▶ What to produce:
Exactly as they appear below, repeat the lines from the one with "Delphine White Marble" through the one with "Women Fashionable Rhinestone-Accented", and no others.

(Stored dataset items)
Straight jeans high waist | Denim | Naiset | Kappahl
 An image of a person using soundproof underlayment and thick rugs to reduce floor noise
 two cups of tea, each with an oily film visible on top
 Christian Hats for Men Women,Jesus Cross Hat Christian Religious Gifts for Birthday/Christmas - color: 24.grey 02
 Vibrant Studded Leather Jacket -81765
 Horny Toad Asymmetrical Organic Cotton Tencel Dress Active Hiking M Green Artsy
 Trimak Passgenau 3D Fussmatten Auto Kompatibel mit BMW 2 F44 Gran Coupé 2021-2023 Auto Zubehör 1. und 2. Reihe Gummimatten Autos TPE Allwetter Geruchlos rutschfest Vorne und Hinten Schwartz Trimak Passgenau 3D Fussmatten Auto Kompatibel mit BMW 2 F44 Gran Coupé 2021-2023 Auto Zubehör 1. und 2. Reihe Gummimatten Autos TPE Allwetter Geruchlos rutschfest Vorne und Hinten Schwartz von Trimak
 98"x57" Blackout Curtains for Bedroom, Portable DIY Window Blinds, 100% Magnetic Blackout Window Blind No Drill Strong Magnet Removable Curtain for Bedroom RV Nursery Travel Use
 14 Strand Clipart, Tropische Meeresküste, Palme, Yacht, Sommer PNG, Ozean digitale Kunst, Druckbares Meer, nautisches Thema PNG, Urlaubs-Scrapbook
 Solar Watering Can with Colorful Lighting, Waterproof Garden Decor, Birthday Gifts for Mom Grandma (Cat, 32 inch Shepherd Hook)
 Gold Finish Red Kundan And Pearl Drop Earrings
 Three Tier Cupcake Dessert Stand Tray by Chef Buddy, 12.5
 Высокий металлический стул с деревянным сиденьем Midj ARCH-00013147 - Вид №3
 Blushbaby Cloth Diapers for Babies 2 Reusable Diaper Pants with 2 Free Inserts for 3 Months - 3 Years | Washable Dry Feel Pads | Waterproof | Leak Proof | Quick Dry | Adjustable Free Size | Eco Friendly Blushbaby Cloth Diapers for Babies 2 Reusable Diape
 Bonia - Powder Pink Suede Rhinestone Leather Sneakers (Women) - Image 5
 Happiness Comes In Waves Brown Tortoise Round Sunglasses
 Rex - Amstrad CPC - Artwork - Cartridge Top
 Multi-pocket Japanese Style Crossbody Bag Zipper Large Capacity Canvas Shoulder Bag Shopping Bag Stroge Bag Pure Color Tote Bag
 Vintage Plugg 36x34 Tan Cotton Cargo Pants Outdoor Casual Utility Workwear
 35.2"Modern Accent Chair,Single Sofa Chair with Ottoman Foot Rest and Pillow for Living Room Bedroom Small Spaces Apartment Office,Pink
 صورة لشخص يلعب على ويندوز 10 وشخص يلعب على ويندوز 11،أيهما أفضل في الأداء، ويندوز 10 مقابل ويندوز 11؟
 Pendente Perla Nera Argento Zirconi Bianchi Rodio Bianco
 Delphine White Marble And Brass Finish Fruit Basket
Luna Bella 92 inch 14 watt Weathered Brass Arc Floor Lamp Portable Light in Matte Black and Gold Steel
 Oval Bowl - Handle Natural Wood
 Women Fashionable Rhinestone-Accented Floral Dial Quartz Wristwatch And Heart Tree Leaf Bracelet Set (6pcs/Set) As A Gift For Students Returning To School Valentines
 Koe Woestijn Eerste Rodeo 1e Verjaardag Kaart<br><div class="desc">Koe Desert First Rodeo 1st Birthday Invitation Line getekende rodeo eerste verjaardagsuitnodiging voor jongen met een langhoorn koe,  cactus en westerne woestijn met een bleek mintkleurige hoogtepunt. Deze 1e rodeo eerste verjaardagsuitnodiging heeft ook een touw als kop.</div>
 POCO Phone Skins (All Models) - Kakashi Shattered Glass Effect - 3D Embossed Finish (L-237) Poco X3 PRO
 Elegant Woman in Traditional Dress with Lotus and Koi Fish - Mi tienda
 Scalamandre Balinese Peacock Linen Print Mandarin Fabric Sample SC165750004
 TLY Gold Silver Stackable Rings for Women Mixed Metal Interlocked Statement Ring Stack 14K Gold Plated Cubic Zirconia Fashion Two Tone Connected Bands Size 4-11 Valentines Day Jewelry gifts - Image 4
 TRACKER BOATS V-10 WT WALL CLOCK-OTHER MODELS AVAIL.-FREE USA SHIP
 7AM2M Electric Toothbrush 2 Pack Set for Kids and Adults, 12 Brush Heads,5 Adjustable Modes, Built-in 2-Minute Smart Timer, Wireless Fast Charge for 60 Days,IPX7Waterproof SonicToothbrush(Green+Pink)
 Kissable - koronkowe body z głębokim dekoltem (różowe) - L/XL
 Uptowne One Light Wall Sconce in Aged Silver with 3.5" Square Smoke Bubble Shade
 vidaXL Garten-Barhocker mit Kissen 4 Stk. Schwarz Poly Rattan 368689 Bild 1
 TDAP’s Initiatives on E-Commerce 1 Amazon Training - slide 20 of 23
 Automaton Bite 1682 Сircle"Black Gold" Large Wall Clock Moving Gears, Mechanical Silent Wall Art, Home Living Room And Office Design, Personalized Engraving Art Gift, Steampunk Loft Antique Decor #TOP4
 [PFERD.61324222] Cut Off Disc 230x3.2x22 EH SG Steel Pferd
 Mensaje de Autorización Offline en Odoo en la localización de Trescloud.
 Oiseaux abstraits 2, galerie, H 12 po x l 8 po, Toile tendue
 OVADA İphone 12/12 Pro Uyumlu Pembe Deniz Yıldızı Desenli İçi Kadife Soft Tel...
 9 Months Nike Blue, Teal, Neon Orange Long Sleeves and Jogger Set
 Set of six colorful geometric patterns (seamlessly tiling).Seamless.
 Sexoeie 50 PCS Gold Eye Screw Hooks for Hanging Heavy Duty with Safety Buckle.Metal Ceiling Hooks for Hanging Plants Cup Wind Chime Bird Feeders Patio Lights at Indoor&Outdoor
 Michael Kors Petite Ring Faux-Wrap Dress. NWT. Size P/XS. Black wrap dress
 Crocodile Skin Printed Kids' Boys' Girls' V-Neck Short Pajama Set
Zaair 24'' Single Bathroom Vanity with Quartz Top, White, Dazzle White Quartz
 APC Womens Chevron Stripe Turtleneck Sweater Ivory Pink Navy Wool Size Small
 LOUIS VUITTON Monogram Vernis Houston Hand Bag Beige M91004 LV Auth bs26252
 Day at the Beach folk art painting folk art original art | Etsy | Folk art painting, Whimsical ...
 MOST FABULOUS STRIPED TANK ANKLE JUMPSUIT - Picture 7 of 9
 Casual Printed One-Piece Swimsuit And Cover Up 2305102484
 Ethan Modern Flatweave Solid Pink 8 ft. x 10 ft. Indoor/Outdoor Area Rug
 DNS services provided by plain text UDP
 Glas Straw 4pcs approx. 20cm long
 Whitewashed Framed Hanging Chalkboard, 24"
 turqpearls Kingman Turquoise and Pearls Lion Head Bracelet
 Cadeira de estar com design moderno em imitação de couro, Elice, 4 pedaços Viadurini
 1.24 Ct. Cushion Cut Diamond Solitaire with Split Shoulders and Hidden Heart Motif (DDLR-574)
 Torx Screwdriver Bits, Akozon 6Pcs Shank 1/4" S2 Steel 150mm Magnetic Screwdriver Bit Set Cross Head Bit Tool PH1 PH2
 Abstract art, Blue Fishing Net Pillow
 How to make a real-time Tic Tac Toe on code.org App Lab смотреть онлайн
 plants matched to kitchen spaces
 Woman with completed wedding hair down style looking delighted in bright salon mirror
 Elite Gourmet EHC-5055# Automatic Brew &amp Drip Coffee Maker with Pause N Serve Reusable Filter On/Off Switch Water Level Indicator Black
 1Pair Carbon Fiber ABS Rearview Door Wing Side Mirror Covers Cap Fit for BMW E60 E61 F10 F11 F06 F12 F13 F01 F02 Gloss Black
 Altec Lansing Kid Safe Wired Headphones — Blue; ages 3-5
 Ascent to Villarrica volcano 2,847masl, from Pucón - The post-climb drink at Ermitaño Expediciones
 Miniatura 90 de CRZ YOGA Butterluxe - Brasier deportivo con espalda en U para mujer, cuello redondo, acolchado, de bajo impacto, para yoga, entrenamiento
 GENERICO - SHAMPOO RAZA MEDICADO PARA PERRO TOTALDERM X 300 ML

▶ Response to this task:
 Delphine White Marble And Brass Finish Fruit Basket
Luna Bella 92 inch 14 watt Weathered Brass Arc Floor Lamp Portable Light in Matte Black and Gold Steel
 Oval Bowl - Handle Natural Wood
 Women Fashionable Rhinestone-Accented Floral Dial Quartz Wristwatch And Heart Tree Leaf Bracelet Set (6pcs/Set) As A Gift For Students Returning To School Valentines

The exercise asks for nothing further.